* **Stored data**:
· · · · ·

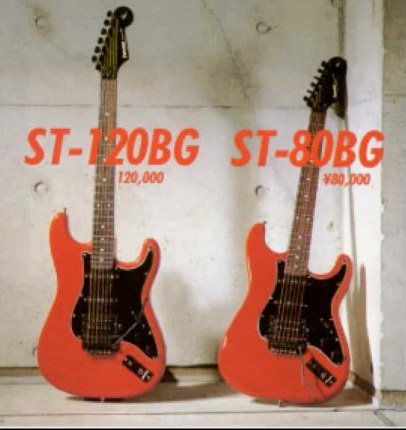 Fernandes ST-120BG and ST-80BG Brad Gillis models in a catalog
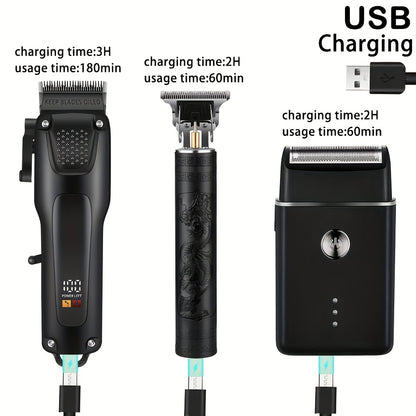 Kit de cuidados profissionais para cabelo e barba para homem com 3 peças - Máquina de cortar cabelo sem fios com visor LED, conjunto de aparador de precisão, recarregável via USB, para uso doméstico, presente perfeito para as festas de fim de ano.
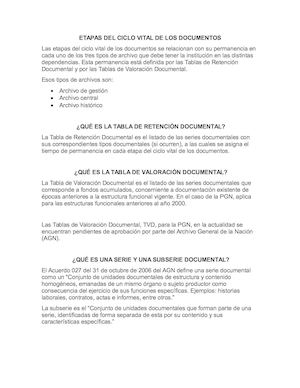 Etapas Del Ciclo Vital De Los Documentos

· · · · ·

* **What is needed**:
The data above, line by line: transcribe it exactly and drop the pictures.

* **Answer**:
 Fernandes ST-120BG and ST-80BG Brad Gillis models in a catalog
 Kit de cuidados profissionais para cabelo e barba para homem com 3 peças - Máquina de cortar cabelo sem fios com visor LED, conjunto de aparador de precisão, recarregável via USB, para uso doméstico, presente perfeito para as festas de fim de ano.
 Etapas Del Ciclo Vital De Los Documentos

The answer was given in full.